▶ [What is being asked] Transcribe every entry that follows exactly, omitting all pictures.

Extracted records
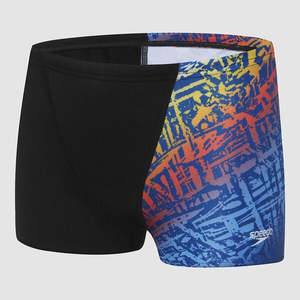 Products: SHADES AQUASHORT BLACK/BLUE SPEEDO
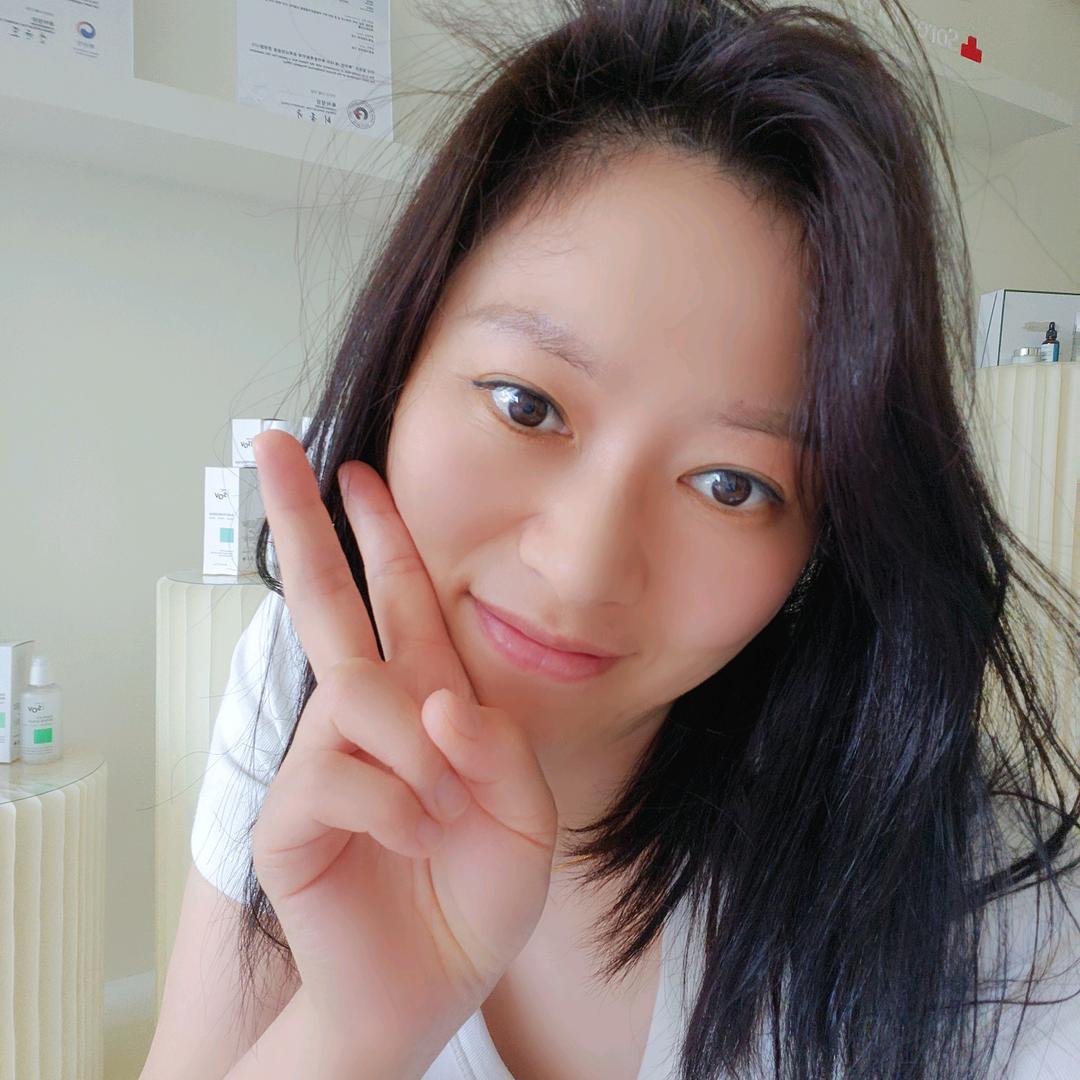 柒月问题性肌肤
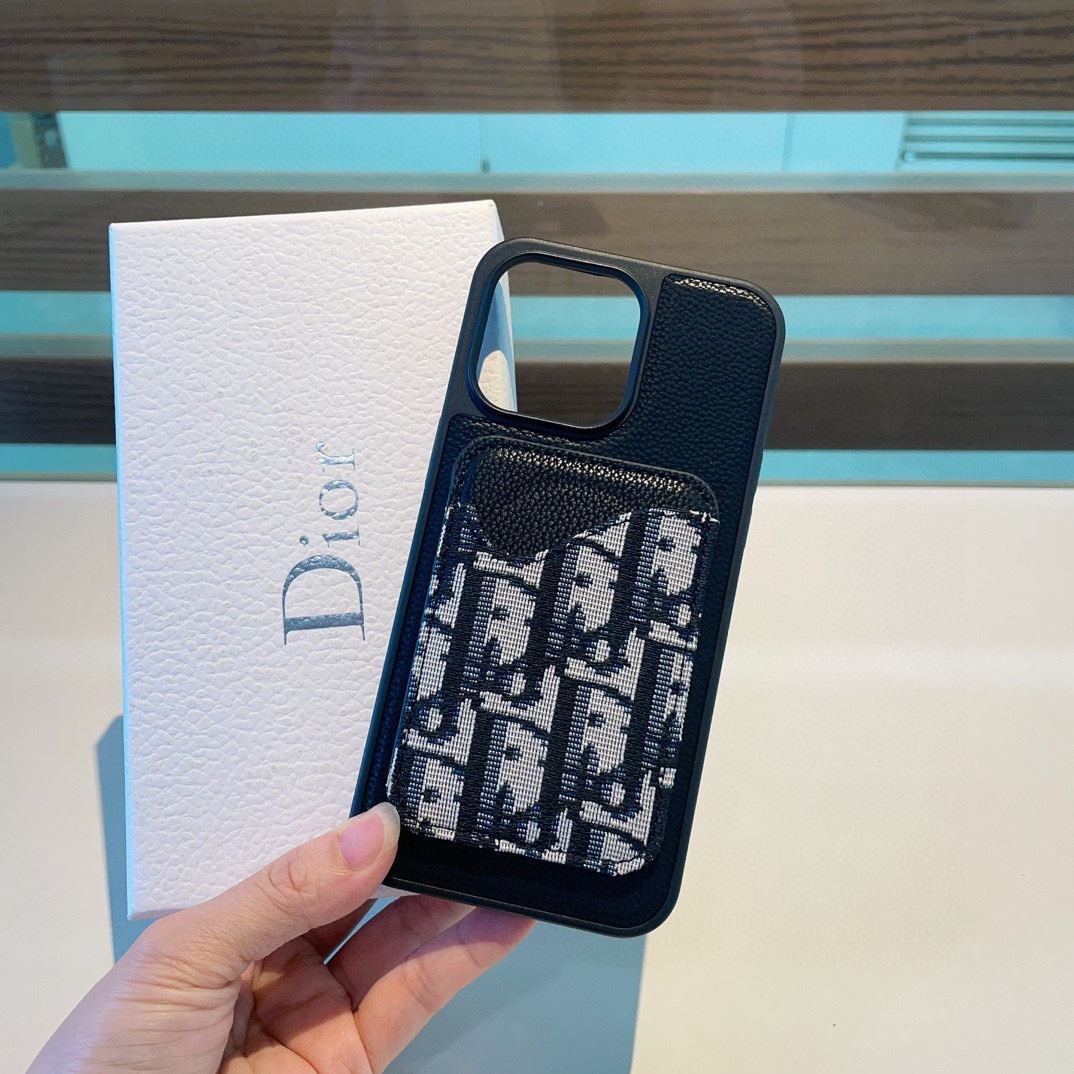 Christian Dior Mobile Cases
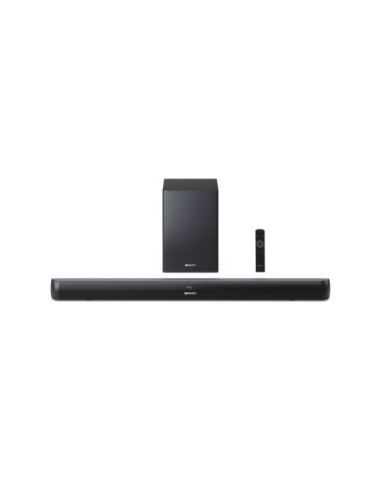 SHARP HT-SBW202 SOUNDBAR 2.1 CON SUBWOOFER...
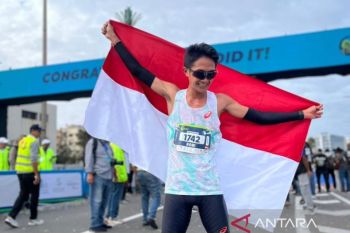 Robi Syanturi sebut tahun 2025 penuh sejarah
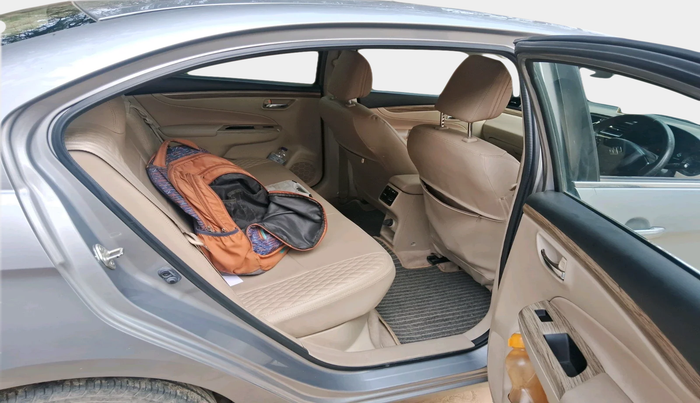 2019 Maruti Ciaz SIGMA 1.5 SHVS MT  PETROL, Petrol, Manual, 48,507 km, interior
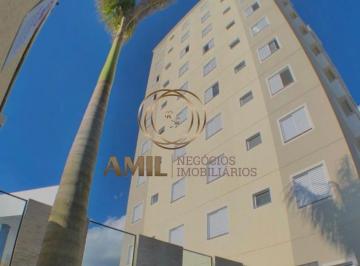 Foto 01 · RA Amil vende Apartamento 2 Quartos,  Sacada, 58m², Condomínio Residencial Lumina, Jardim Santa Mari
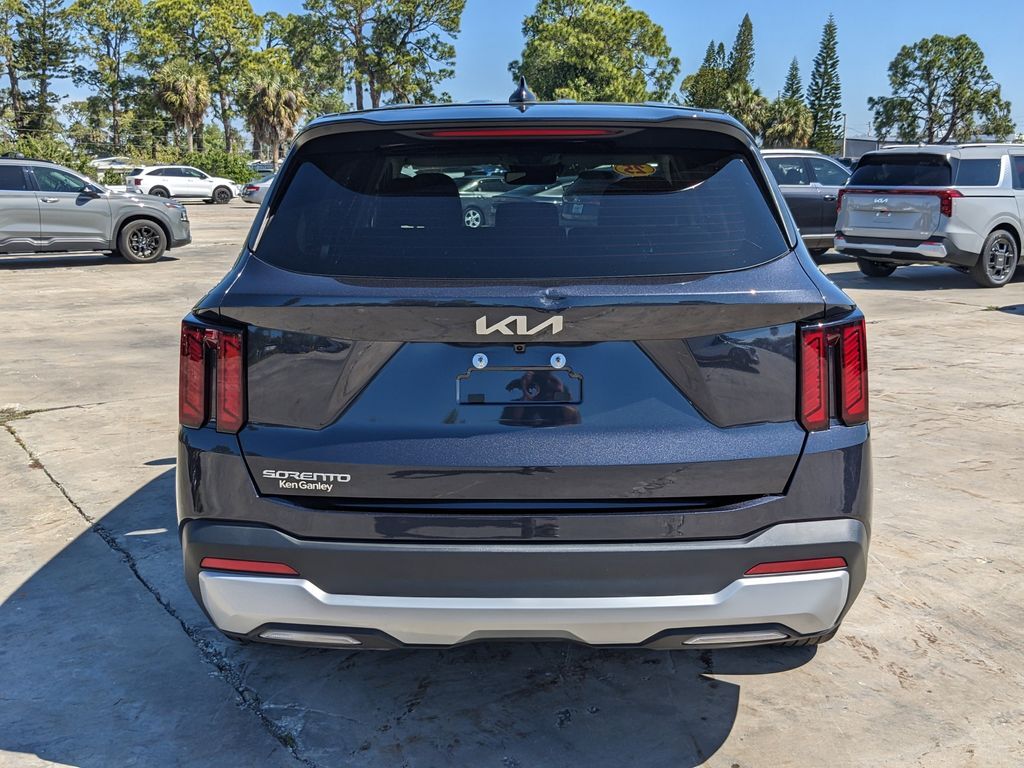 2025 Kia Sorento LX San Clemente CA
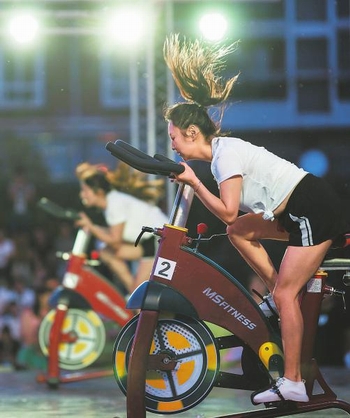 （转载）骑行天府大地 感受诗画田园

▶ [Solution to the problem]
 Products: SHADES AQUASHORT BLACK/BLUE SPEEDO
 柒月问题性肌肤
 Christian Dior Mobile Cases
 SHARP HT-SBW202 SOUNDBAR 2.1 CON SUBWOOFER...
 Robi Syanturi sebut tahun 2025 penuh sejarah
 2019 Maruti Ciaz SIGMA 1.5 SHVS MT  PETROL, Petrol, Manual, 48,507 km, interior
 Foto 01 · RA Amil vende Apartamento 2 Quartos,  Sacada, 58m², Condomínio Residencial Lumina, Jardim Santa Mari
 2025 Kia Sorento LX San Clemente CA
 （转载）骑行天府大地 感受诗画田园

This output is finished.